TOPIC: Research Paper on Ethnic Diversity in Democratic States Assignment

According to Samar Esapzai (2010), "there is no such thing as a true democracy; it is only an ideology created to patronize the middle and lower class into believing that they have freedom of choice, when in reality they are conned under false pretenses." This can be observed through the fact that leadership positions are predominantly occupied by individuals who belong to the elite of the country they live in. As a result, the ones who profit the most out of the dealings their presumably democratic country's leadership perform are none other but the elites, with lower class individuals and a number of ethnic minorities in particular being discriminated.

France is typically seen as a democratic country, this perspective being supported by most of its leaders. However, it has shown significant religious intolerance toward particular religious groups, going against the freedom generally promoted through democracy. There are an estimated five million Muslim individuals presently living in France, making the country responsible for holding the largest population of people belonging to this religious group in all of Western Europe.

In an attempt to have Muslims behave in accordance with supposed French ideals, the French National Assembly implemented a law that no longer allowed Muslim women to wear the burqa (the traditional face-veil) in public. This act is extremely important in demonstrating that the country is not as liberal as most people like to believe. It is of no importance whether or not some individuals consider it immoral for some women to wear such garments. One cannot simply forbid another person to act as he or she wants as long as the latter's actions are not causing any damage to society, to a group, or to an individual in particular. Through banning burqas from being worn in public the French government virtually prevented people from freely expressing feelings that symbolize Islam as a whole. It is as if French authorities are uncomfortable regarding Muslims displaying elements characteristic to their religion in public. In an attempt to prove that this act was reasonable, the French National Assembly claimed that burqa-wearing was equivalent to Islamic extremism and thus against European democratic principles.

Acting in accordance with the saying "you have to break some eggs in order to make an omelet," the French government chose to ban a series of liberties with the presumed purpose of protecting other liberties that are apparently more important than the former.
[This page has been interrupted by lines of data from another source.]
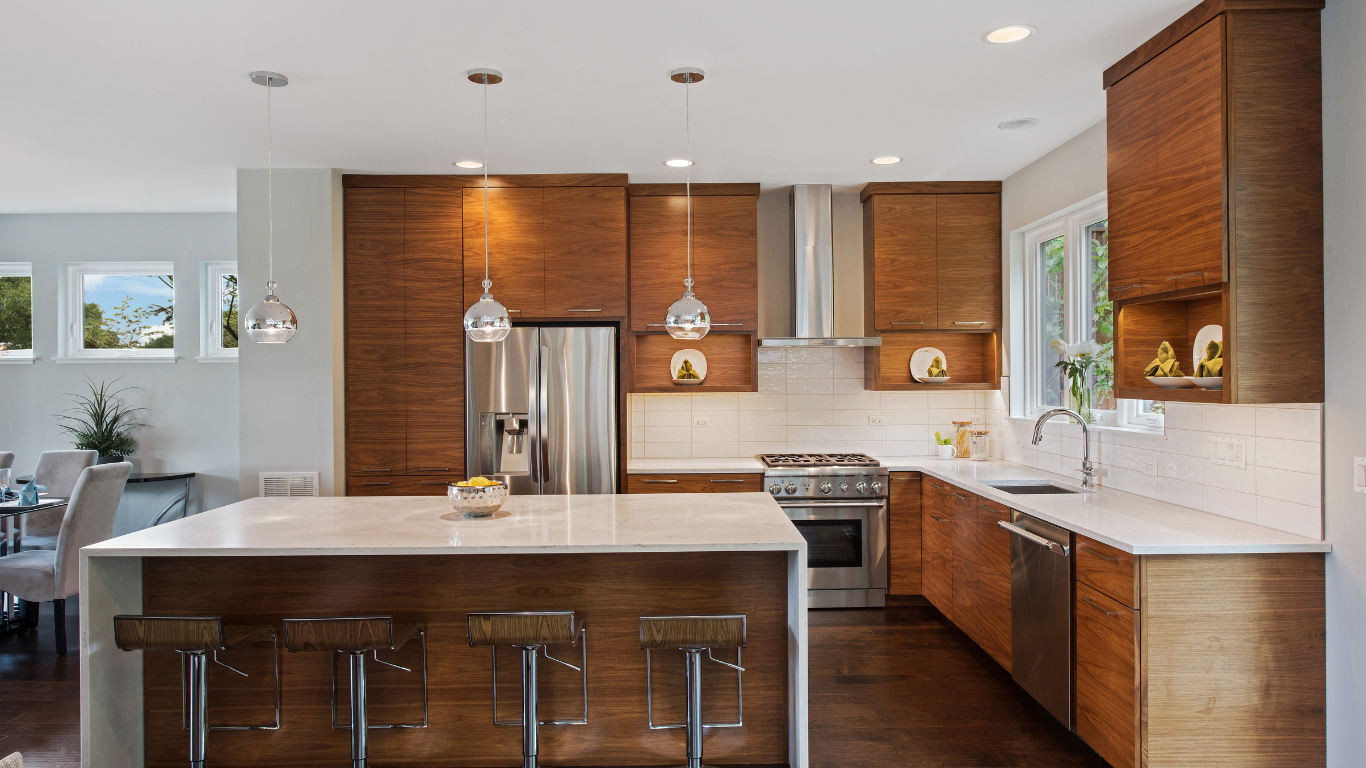 A kitchen with wooden cabinets , stainless steel appliances , and a large island.
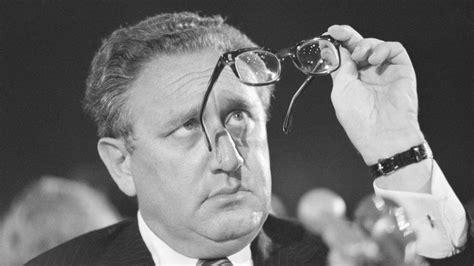 Blank and white photo of Henry Kissinger looking at his glasses.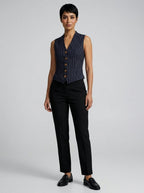 Woman wearing a navy vintage striped sleeveless vest in a studio setting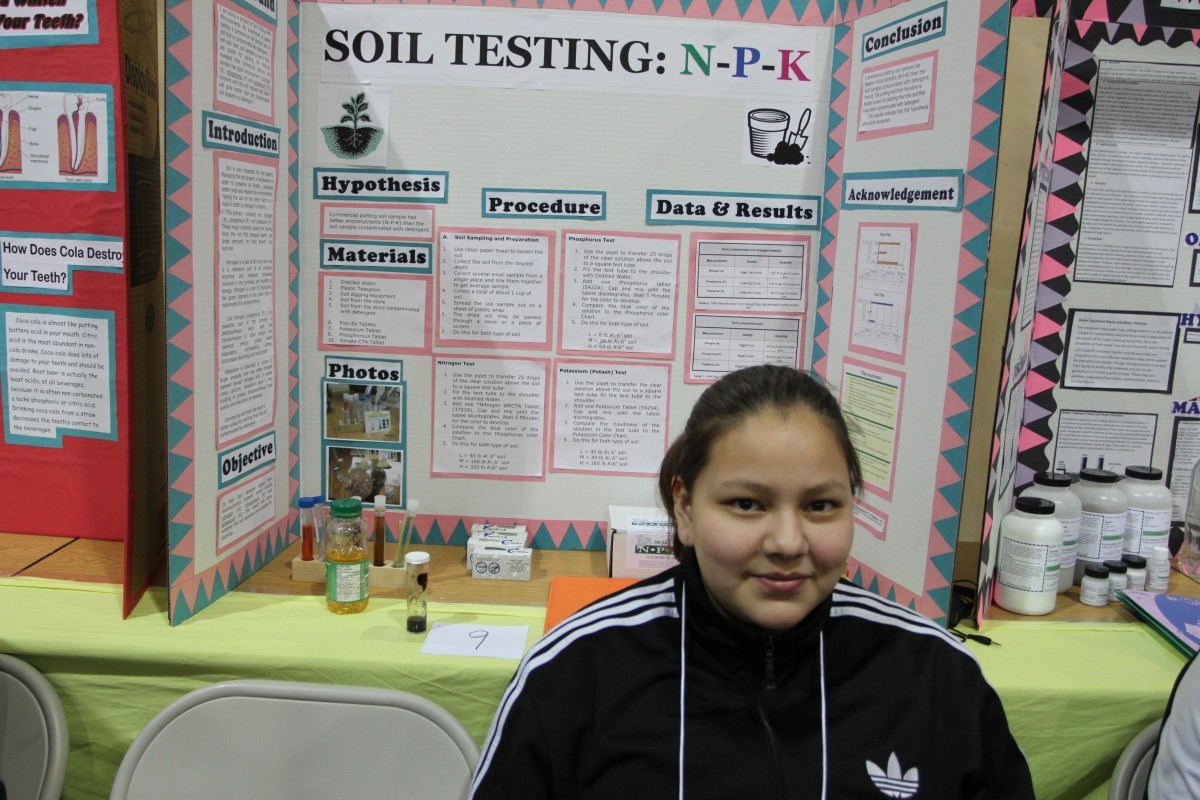 Manitoba First Nations Science Fair student sits in front of her project: Soil Testing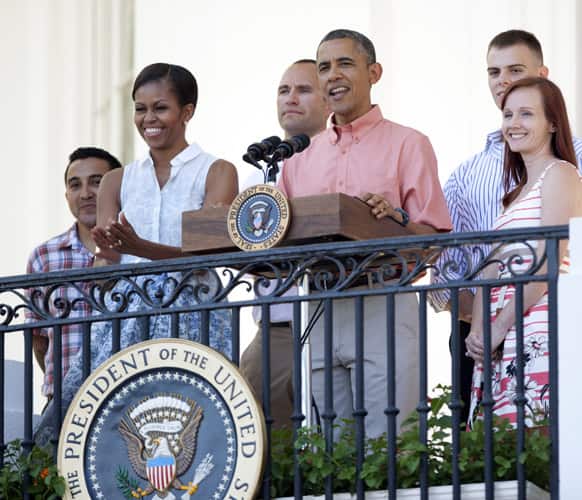 President Barack Obama with first lady Michelle Obama and members of the military, speaks during a Fourth of July celebration on the South Lawn of the White House in Washington.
Those who lobby for the veil's banning believe that women are discriminated through the fact that their religion forces them to wear the burqa in public, making them less able to enjoy freedom in a democratic society. The burqa is also believed to be closely related to Islamic extremism, given that it promotes an ideology that directly goes against some of democracy's most treasured principles.

It is difficult to determine whether or not wearing the burqa does indeed undermine the position of women in society. Looking at matters from an impartial perspective makes it clear that the French National Assembly was to a certain degree right in reaching the conclusion that Muslim women are denied a series of liberties through the fact that they have to wear the burqa in public. "For many Muslim women, especially in countries like Saudi Arabia and Afghanistan, the burqa represents oppression. It is forced upon them. Even in Muslim families and communities in the West some women are compelled by threat of force to wear the burqa" (Affairs etrangeres).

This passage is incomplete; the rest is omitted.